Parser State Diagram
The parser implements the state machine shown here:
Processing begins in the ground state at the bottom of the diagram, and the arrival of each character constitutes an event. Since the characters have 16-bit UTF-16 encodings, there are 2^16 possible events that can occur while the system is in any given state. In order to avoid any undefined behavior, the response of each state to all possible events is specified explicitly.
For legibility, each event is depicted as a hexadecimal number without any prefixes, representing the bit encoding of the character whose arrival triggered the event. In order to avoid explicitly writing out all 2^16 events for each state, ranges of character encodings are depicted as two hexadecimal numbers separated by a dash. Events shown within a state invoke the indicated actions, but they do not cause state transitions. Events shown on the directed lines between states trigger the indicated state transitions.

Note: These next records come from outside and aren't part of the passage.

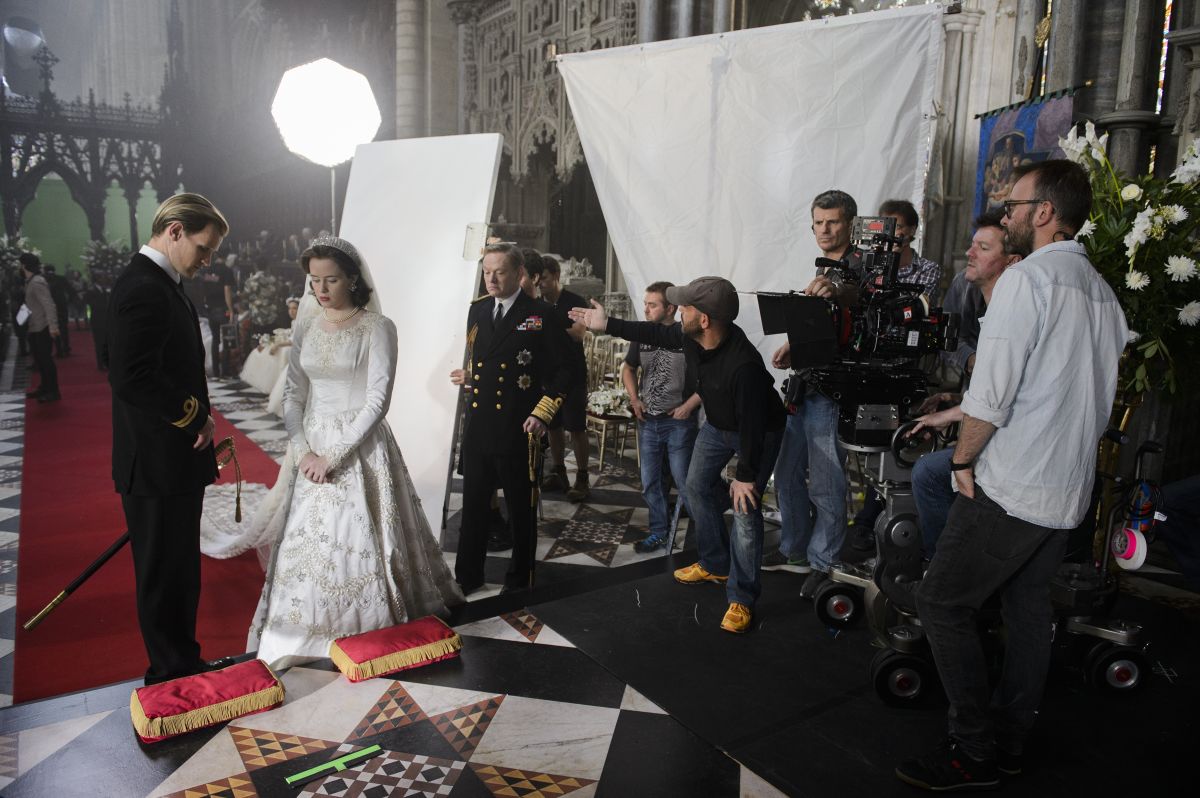 Goldman directs the positioning of a bounce card for the show’s first episode, “Wolferton Splash,” in which Elizabeth II (Foy) weds Prince Philip (Matt Smith).
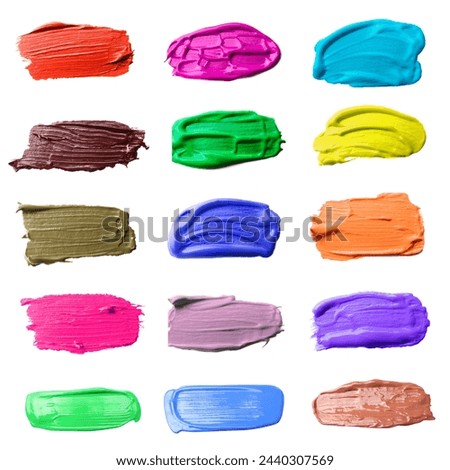 Paint strokes of different colors on white background, top view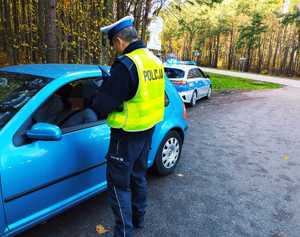 obraz przedstawia policjanta stojącego przy pojeździe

A directed line from a small solid circle to a state indicates that the listed events will cause an immediate unconditional transition to that state, regardless of what state the machine happens to be in at that time. On first glance, it might appear that the CharacterString
state has no exit condition because there is no explicit directed line leading out of the state. However, the unconditional transitions just mentioned provide an exit mechanism for this state and all other states.
In addition to state transitions, events may trigger actions. These actions are shown after the events as the names of the corresponding methods in the state machine implementation. You can review the source code for the state machine to see the details of these actions.
States can also have entry and exit actions, indicated by the Entry
and Exit
keywords within the relevant states.